**Exercise goal:** Copy out the data in full and exactly, passing over the pictures.

**Dataset excerpts:**
= Beginning of Section =

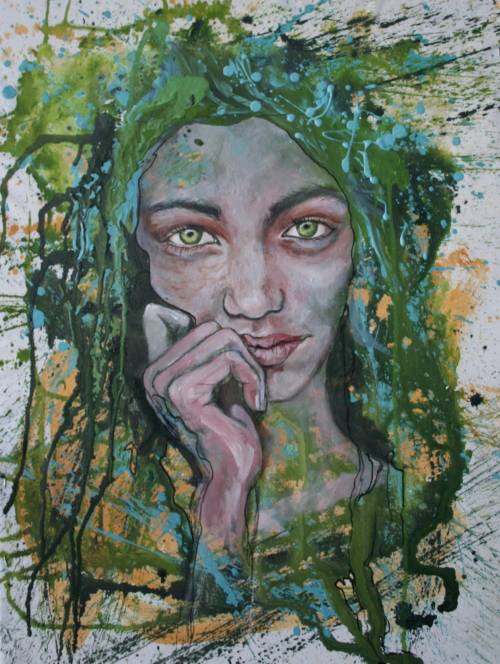 Beautiful!*Original Anni Brand (1970-) "Behind Green Eyes" 65 x 47cm Large Japanese Canvas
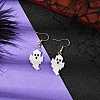 Halloween Theme Ghost Handmade Glass Seed Beaded Dangle Earrings EJEW-MZ00478-1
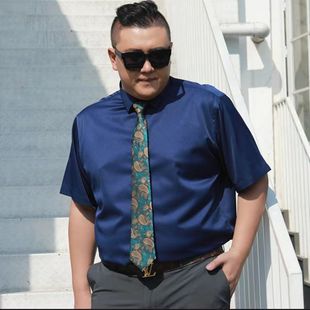 大码 衬衫 加肥男装 胖子加大白衬衣修身 男士 免熨商务工作服寸衫 短袖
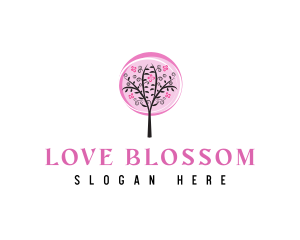 Pink Cherry Blossom Tree logo design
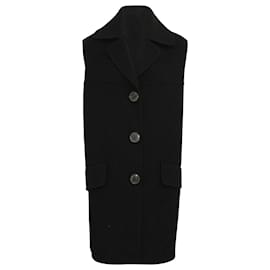 Marni-Marni Long Vest in Black Cotton Wool-Black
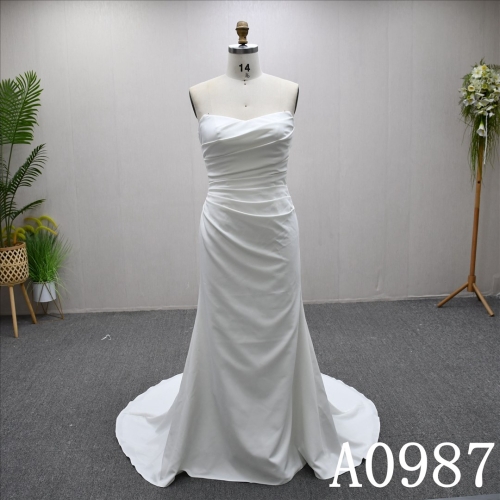 Bestselling A-line dress, simple satin lace up back design, sweep train wedding dress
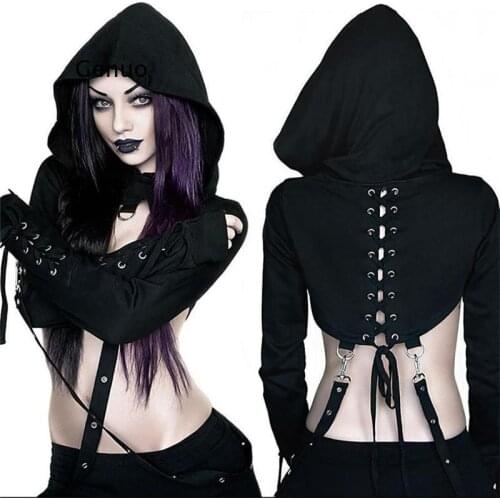 T Shirt Women Spring and Autumn Top Buttonhole Strap Hooded Long-Sleeved Dark Gothic Style Halloween Sweater Essentials Hoodie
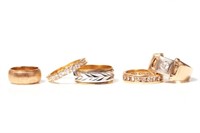 Four gold rings and bands, one gold filled ring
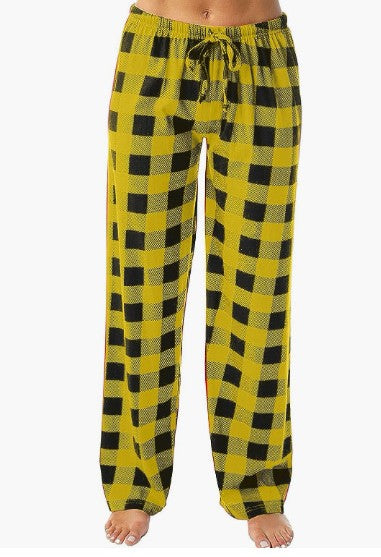 Buffalo Plaid Drawstring Lounge Pants - yellow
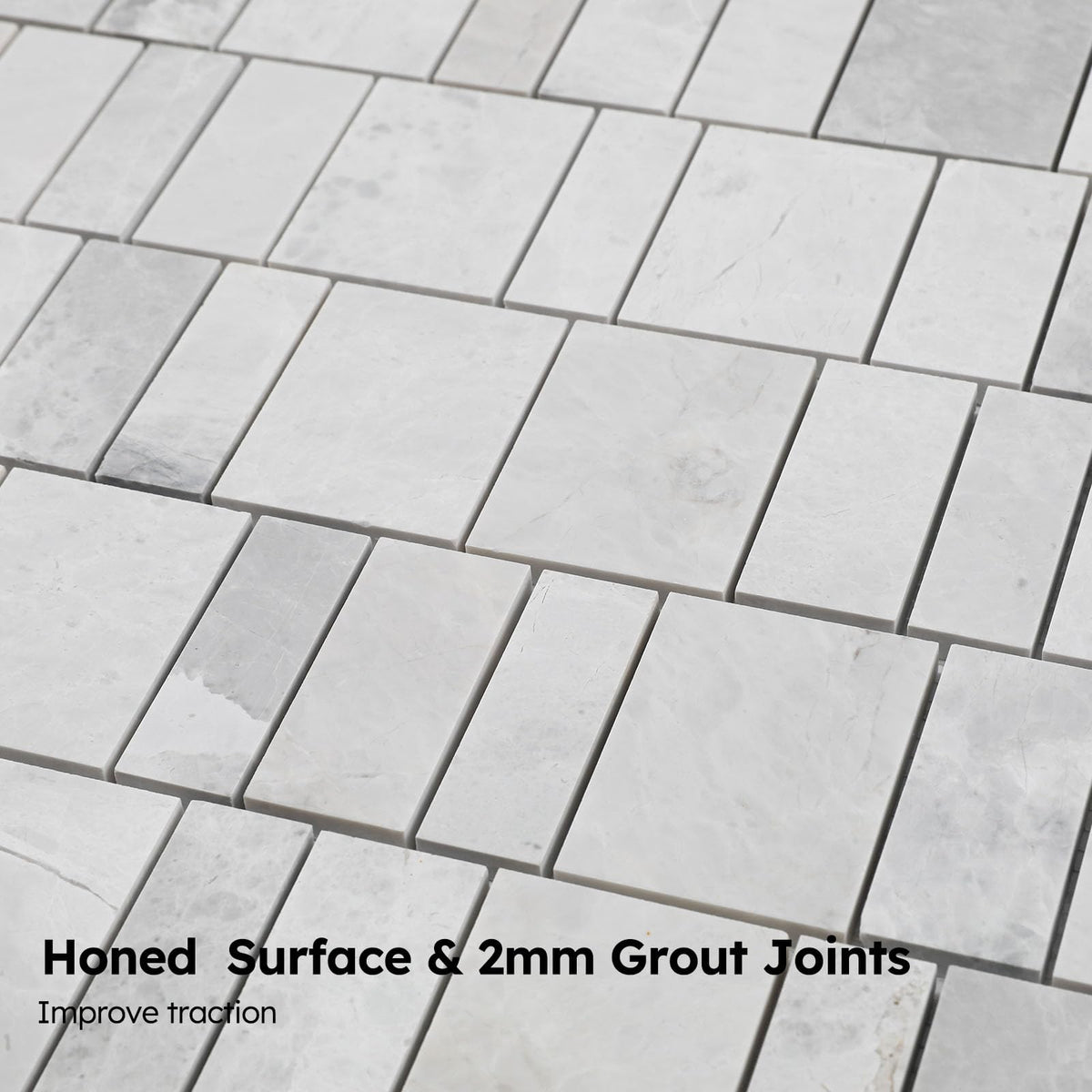 Andes Grey Marble Mosaic Tile, Offset Piano Pattern, Honed, Marble Backsplash Tiles Bathroom Wall Floor, Pack of 5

= End of Section =

**Finished exercise:**
 Beautiful!*Original Anni Brand (1970-) "Behind Green Eyes" 65 x 47cm Large Japanese Canvas
 Halloween Theme Ghost Handmade Glass Seed Beaded Dangle Earrings EJEW-MZ00478-1
 大码 衬衫 加肥男装 胖子加大白衬衣修身 男士 免熨商务工作服寸衫 短袖
 Pink Cherry Blossom Tree logo design
 Marni-Marni Long Vest in Black Cotton Wool-Black
 Bestselling A-line dress, simple satin lace up back design, sweep train wedding dress
 T Shirt Women Spring and Autumn Top Buttonhole Strap Hooded Long-Sleeved Dark Gothic Style Halloween Sweater Essentials Hoodie
 Four gold rings and bands, one gold filled ring
 Buffalo Plaid Drawstring Lounge Pants - yellow
 Andes Grey Marble Mosaic Tile, Offset Piano Pattern, Honed, Marble Backsplash Tiles Bathroom Wall Floor, Pack of 5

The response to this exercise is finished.